EXTRACTED INFORMATION:

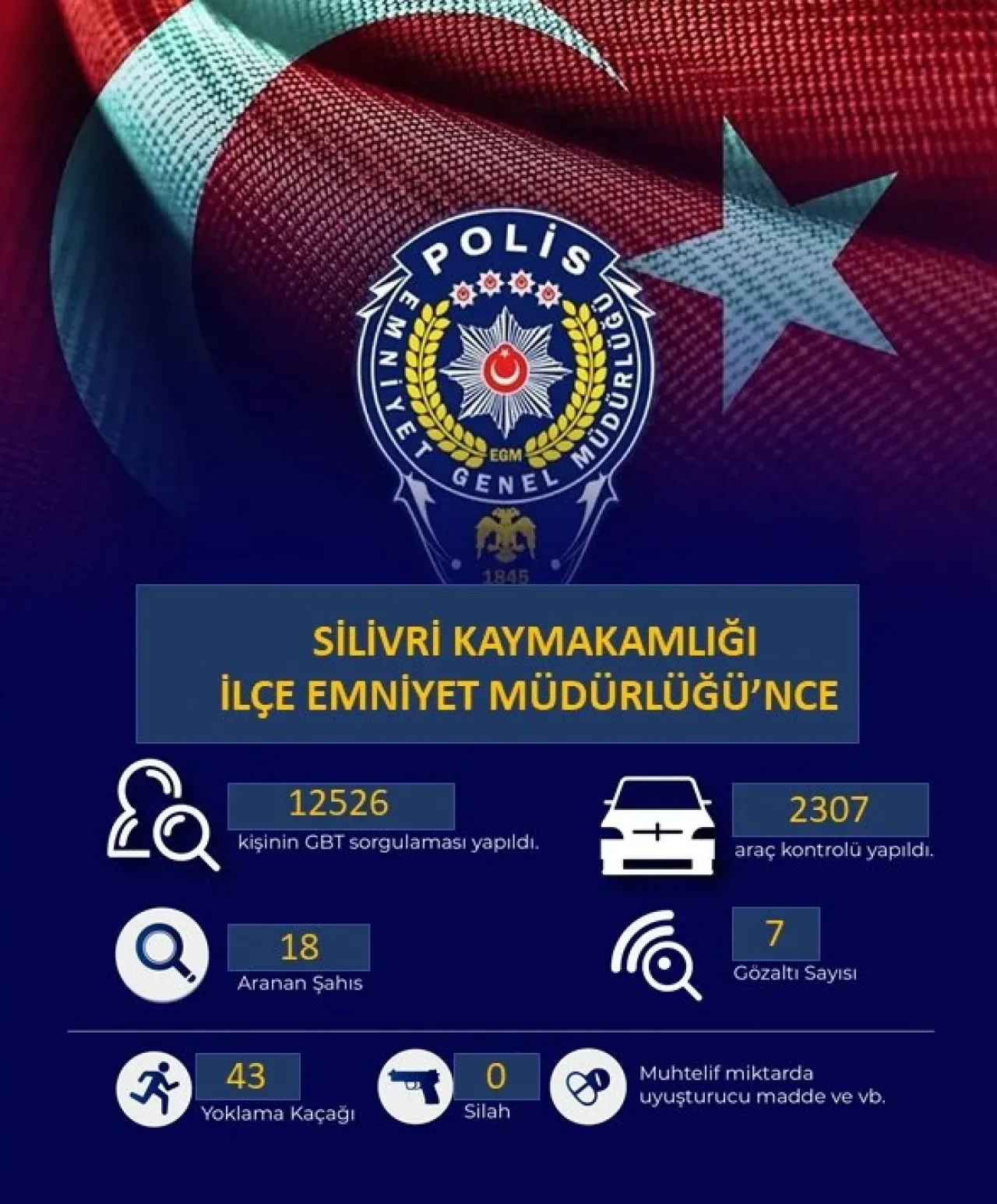 Silivri'de Uyuşturucu ve Trafik Denetimleri: 6 Kişi Gözaltına Alındı Silivri'de Uyuşturucu ve Trafik Denetimleri: 6 Kişi Gözaltına Alındı
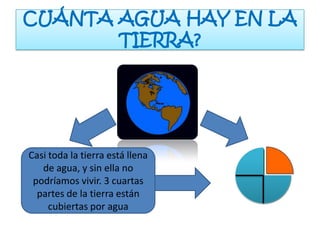 CUÁNTA AGUA HAY EN LA
       TIERRA?




Casi toda la tierra está llena
   de agua, y sin ella no
 podríamos vivir. 3 cuartas
  partes de la tierra están
     cubiertas por agua
 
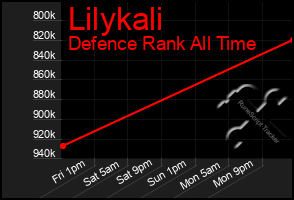 Total Graph of Lilykali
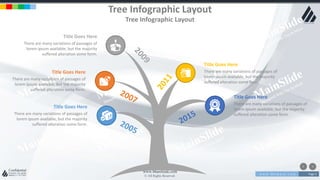 w w w . D o m a i n . c o m Page 5
www.MainSlide.com
© All Rights Reserved.
Confidential
Tree Infographic Layout
Tree Infographic Layout
Title Goes Here
There are many variations of passages of
lorem ipsum available, but the majority
suffered alteration some form.
Title Goes Here
There are many variations of passages of
lorem ipsum available, but the majority
suffered alteration some form.
Title Goes Here
There are many variations of passages of
lorem ipsum available, but the majority
suffered alteration some form.
Title Goes Here
There are many variations of passages of
lorem ipsum available, but the majority
suffered alteration some form.
Title Goes Here
There are many variations of passages of
lorem ipsum available, but the majority
suffered alteration some form.
 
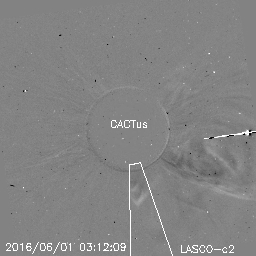 CME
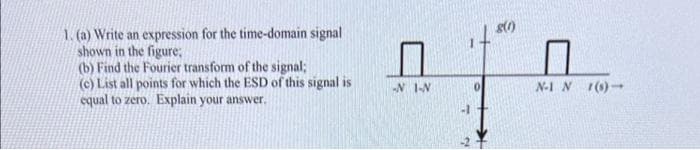 1. (a) Write an expression for the time-domain signal
shown in the figure;
(b) Find the Fourier transform of the signal;
(c) List all points for which the ESD of this signal is
equal to zero. Explain your answer.
N I-N
N-1 N 1()-
-1

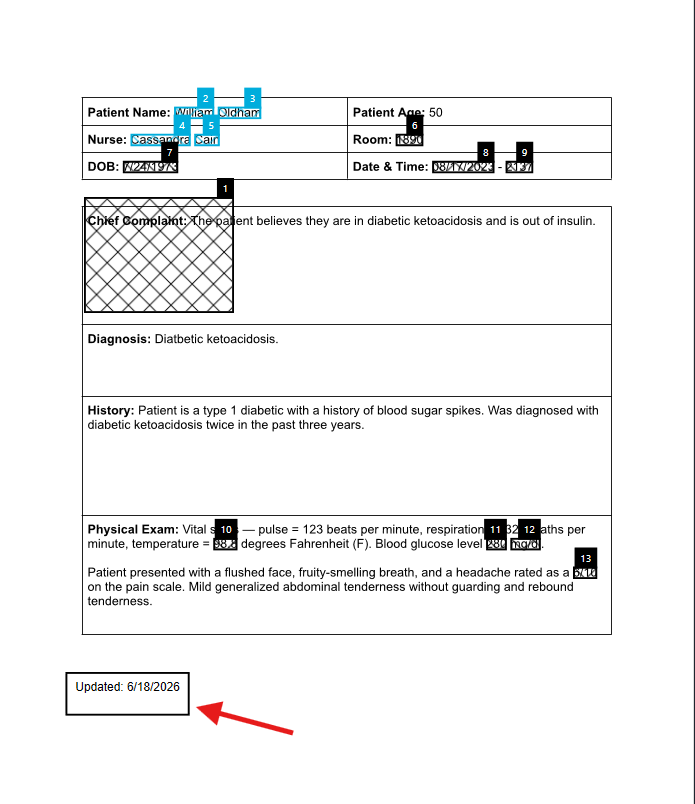 Informational medical chart with fields for patient details (name, age, nurse, room, DOB, date/time), sections for Chief Complaint, Diagnosis, History, and Physical Exam, plus an 'Updated: 6/18/2026' date stamp at the bottom left highlighted by a red arrow.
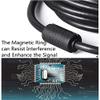 Saipomor Replacement UC-E6 UC-E16 UC-E17 USB Cable Cord Compatible with CASIO EX-Z890 EX-ZS5 Nikon Digital SLR DSLR D3200 D3300 D5000 D5100 D5200 D5300, Nikon 1S2, 1V1 Digital Cameras (3.3FT) view 4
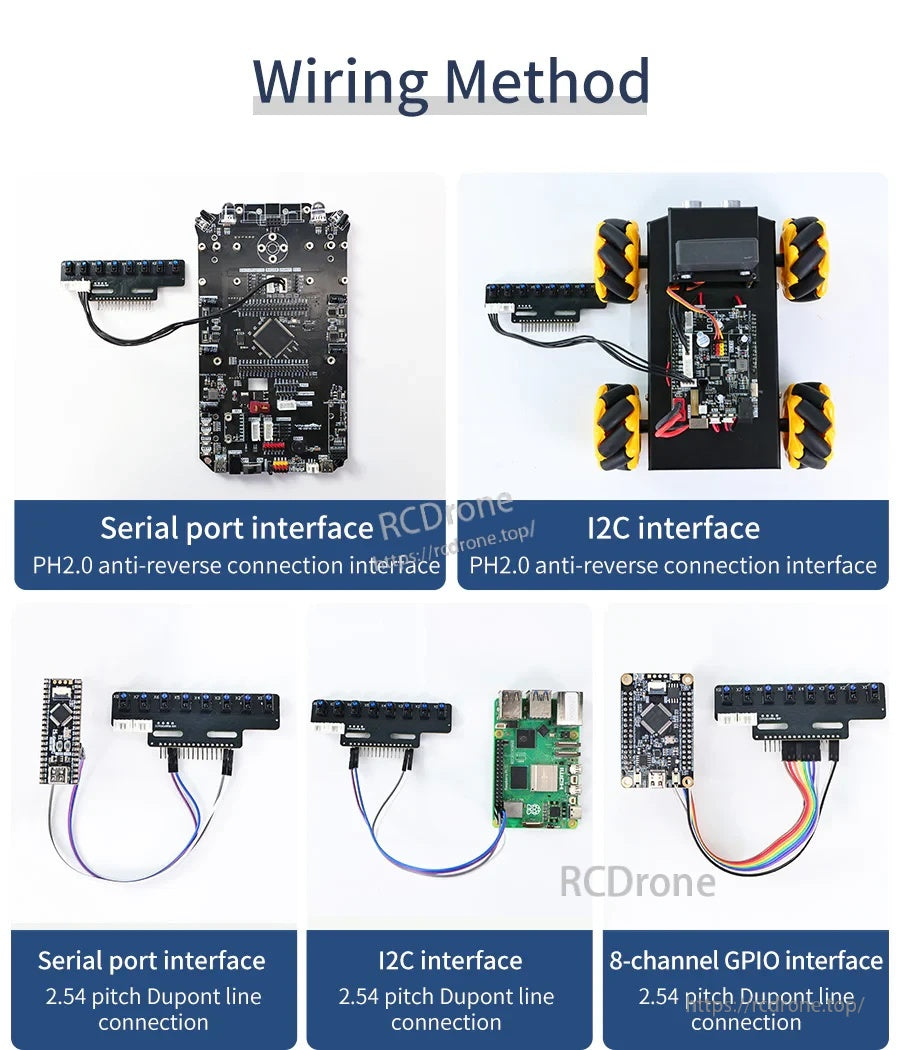 Wiring method graphic showing PH2.0 and DuPont connections for serial, I2C, and 8-channel GPIO interfaces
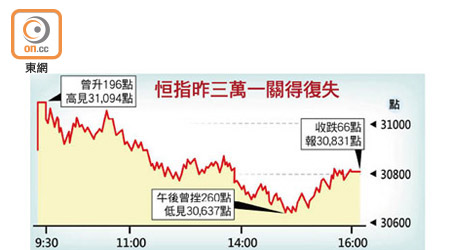 恒指昨三萬一關得復失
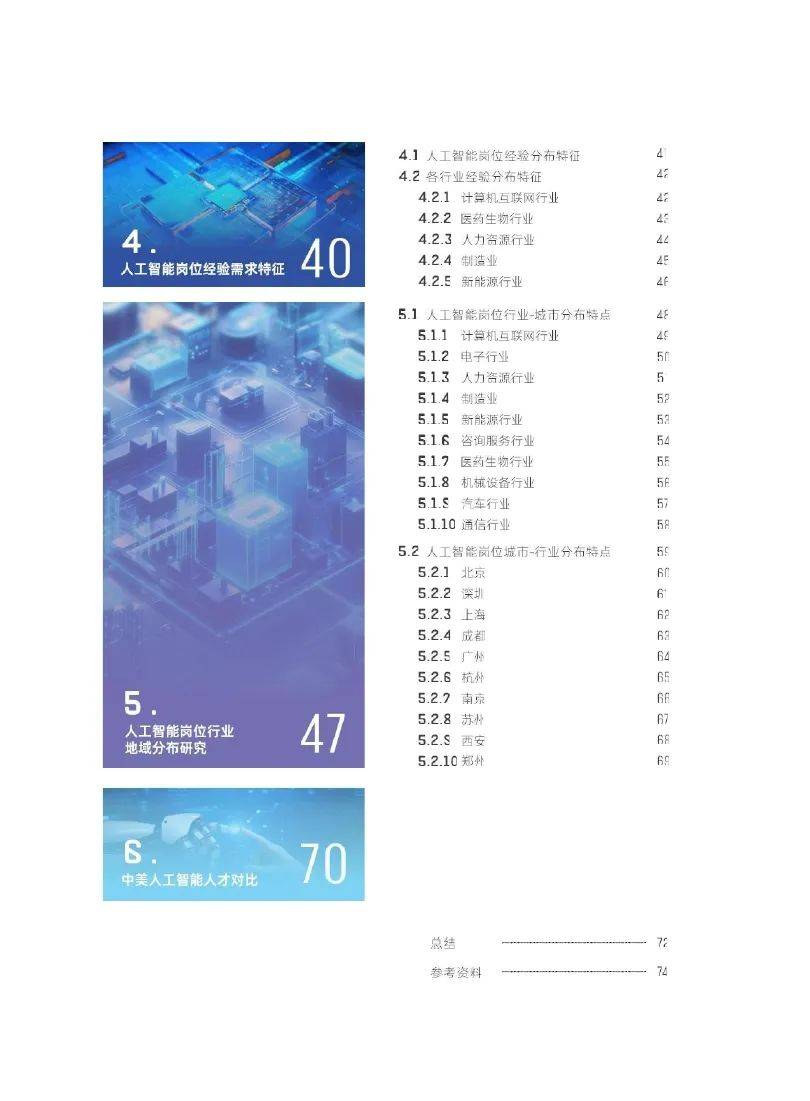 香港中文大学：2024中国人工智能岗位研究方向有哪些？详细报告解读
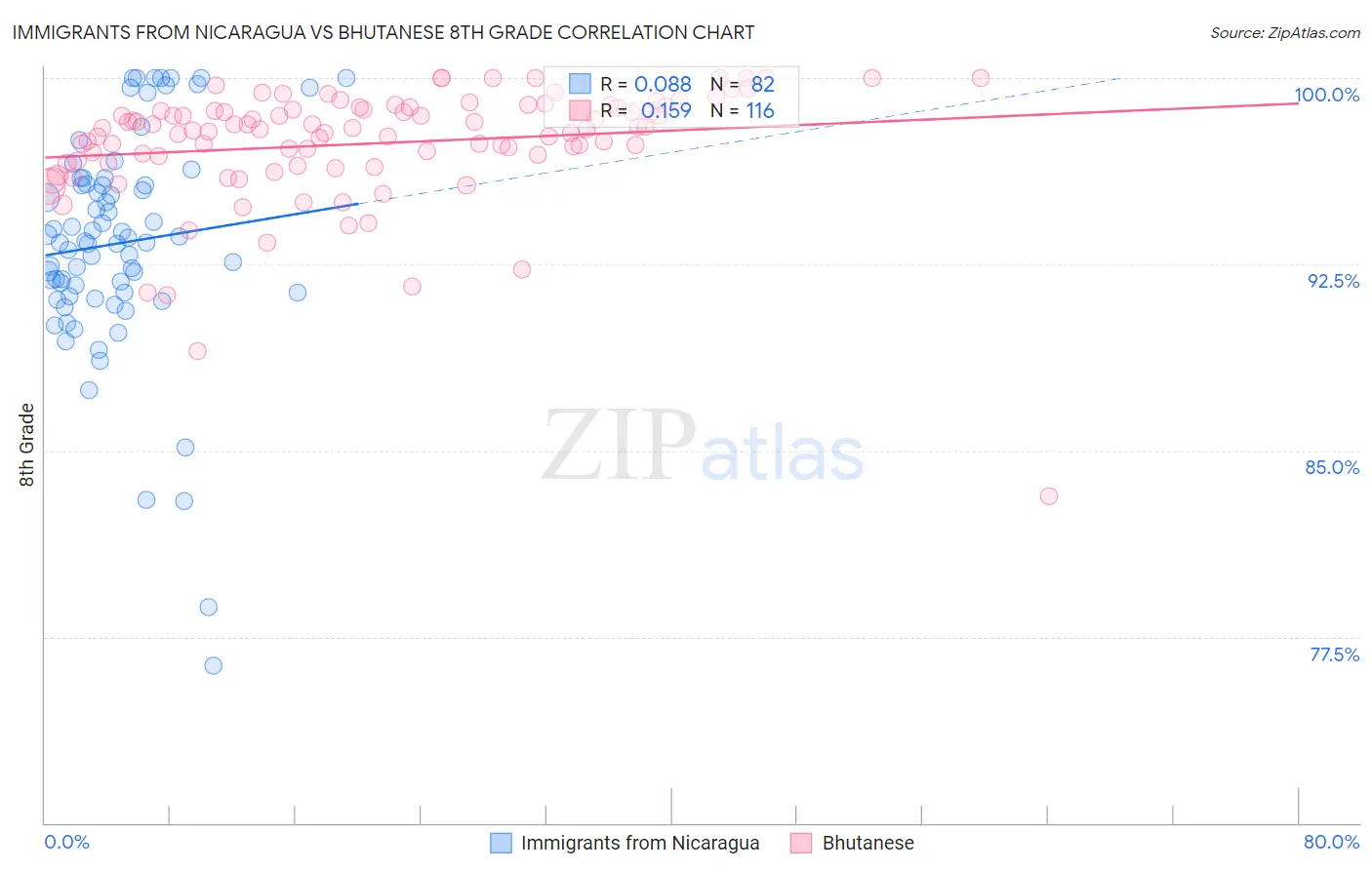 Immigrants from Nicaragua vs Bhutanese 8th Grade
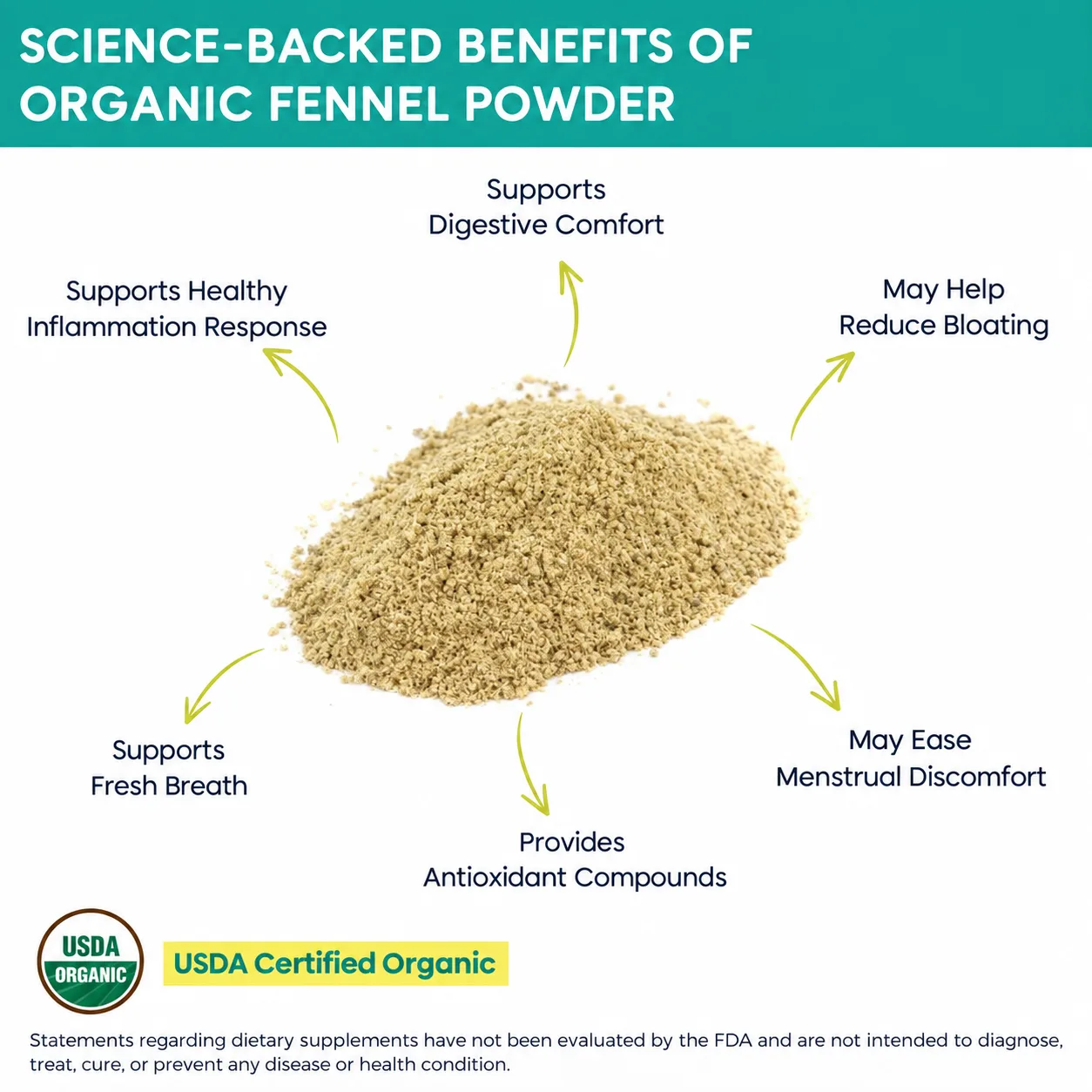 organic fennel powder benefits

WORK ORDER:
The whole listing above is to be repeated exactly, apart from its pictures.

WRITTEN RESPONSE:
 Silivri'de Uyuşturucu ve Trafik Denetimleri: 6 Kişi Gözaltına Alındı Silivri'de Uyuşturucu ve Trafik Denetimleri: 6 Kişi Gözaltına Alındı
 CUÁNTA AGUA HAY EN LA
       TIERRA?




Casi toda la tierra está llena
   de agua, y sin ella no
 podríamos vivir. 3 cuartas
  partes de la tierra están
     cubiertas por agua
 
 Total Graph of Lilykali
 w w w . D o m a i n . c o m Page 5
www.MainSlide.com
© All Rights Reserved.
Confidential
Tree Infographic Layout
Tree Infographic Layout
Title Goes Here
There are many variations of passages of
lorem ipsum available, but the majority
suffered alteration some form.
Title Goes Here
There are many variations of passages of
lorem ipsum available, but the majority
suffered alteration some form.
Title Goes Here
There are many variations of passages of
lorem ipsum available, but the majority
suffered alteration some form.
Title Goes Here
There are many variations of passages of
lorem ipsum available, but the majority
suffered alteration some form.
Title Goes Here
There are many variations of passages of
lorem ipsum available, but the majority
suffered alteration some form.
 
 CME
 1. (a) Write an expression for the time-domain signal
shown in the figure;
(b) Find the Fourier transform of the signal;
(c) List all points for which the ESD of this signal is
equal to zero. Explain your answer.
N I-N
N-1 N 1()-
-1

 Informational medical chart with fields for patient details (name, age, nurse, room, DOB, date/time), sections for Chief Complaint, Diagnosis, History, and Physical Exam, plus an 'Updated: 6/18/2026' date stamp at the bottom left highlighted by a red arrow.
 Saipomor Replacement UC-E6 UC-E16 UC-E17 USB Cable Cord Compatible with CASIO EX-Z890 EX-ZS5 Nikon Digital SLR DSLR D3200 D3300 D5000 D5100 D5200 D5300, Nikon 1S2, 1V1 Digital Cameras (3.3FT) view 4
 Wiring method graphic showing PH2.0 and DuPont connections for serial, I2C, and 8-channel GPIO interfaces
 恒指昨三萬一關得復失
 香港中文大学：2024中国人工智能岗位研究方向有哪些？详细报告解读
 Immigrants from Nicaragua vs Bhutanese 8th Grade
 organic fennel powder benefits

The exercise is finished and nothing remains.